Several other Aḥaronim likewise permit abortion even when there is no danger to the mother’s life. For example, R. Shneur Zalman Fradkin of Lublin notes that there is disagreement about whether abortion is a Torah prohibition or a rabbinic one, but concludes that even if it is a Torah prohibition, abortion is permitted to protect the health and well-being of the mother, even if her life is not in danger (Responsa Torat Ḥesed, EH 42). R. Ben-Zion Meir Ḥai Uziel permitted an abortion for a woman who the doctors believed would become deaf if she were to carry her pregnancy to term. He considered avoiding deafness to be a great need, as losing her hearing is more degrading for her than it is for the executed woman in Arakhin 7a to lose her fetus (Mishpetei Uziel ḤM 4:46). R. Yeḥiel Yaakov Weinberg is also among those who are inclined to be lenient, since the majority of Rishonim do not believe that a fetus is considered a living human being (Seridei Esh, ḤM §162).
Some say that the entire prohibition of abortion is rabbinic. R. Fradkin explains this to be the opinion of Tosafot (to Nidda 44b), Ran, and Raavad. R. Waldenberg arrives at a similar conclusion, based on several Aḥaronim (Tzitz Eliezer 8:36). They apparently maintain that the principle under which “nothing is permitted to a Jew but prohibited to a non-Jew” is upheld even when the prohibition on non-Jews is from the Torah and the prohibition on Jews is rabbinic. In any case, if the prohibition of abortion for Jews is rabbinic, then clearly in cases of great need, it can be permitted.
In my opinion, it must be that the prohibition of abortion for non-Jews, like the prohibition for Jews, is not an offshoot of murder, but is forbidden as an act of injury (ḥavala, as Ḥavot Ya’ir maintains) or destruction (hashḥata, as Maharit argues). Even though the prohibition is derived from a verse dealing with murder (“Whoever sheds the blood of a person in a person”), this means that it is a safeguard against murder, but is itself an act of injury or destruction.
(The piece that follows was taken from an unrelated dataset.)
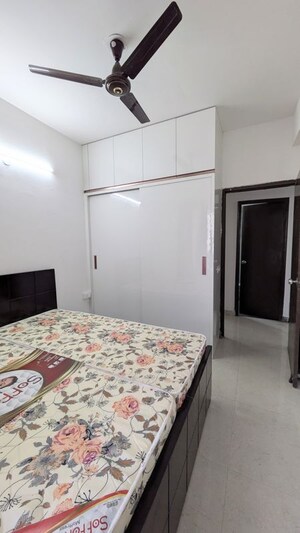 Bedroom in 3 BHK Apartment at The Center Court, Sector 88a – for Rent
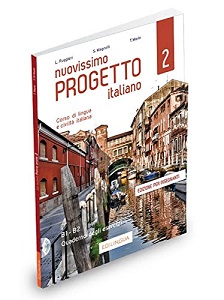 Progetto Italiano Nuovissimo 2 (B1-B2) Quaderno degli esercizi dell’insegnante + CD Audio GRATIS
Waldenberg deals extensively with the issue of abortion and concludes, based on several basic principles, that abortion is permissible when there is a great need (Responsa Tzitz Eliezer 7:48; 8:36; 9:51:3; 14:100-101). My rabbi and teacher R. Shaul Yisraeli writes similarly in Amud Ha-yemini §32. R. Yisraeli was once consulted about a case where there was a 25 percent chance that the fetus was abnormal. R. Yisraeli could not bring himself to permit the abortion. However, R. Zvi Yehuda Kook, who heard about the intense worry and pain of the couple involved, permitted the abortion in practice, based on what R. Yisraeli had written. My rabbi and teacher R. Avraham Shapira was inclined to agree with R. Zvi Yehuda. (At first, he told me to broadcast on my Halakha Corner radio program that if a woman is carrying a fetus suffering from Down syndrome, the couple may present the question to a rabbi known to rule permissively in such a case. Later, I heard that he himself ruled permissively.)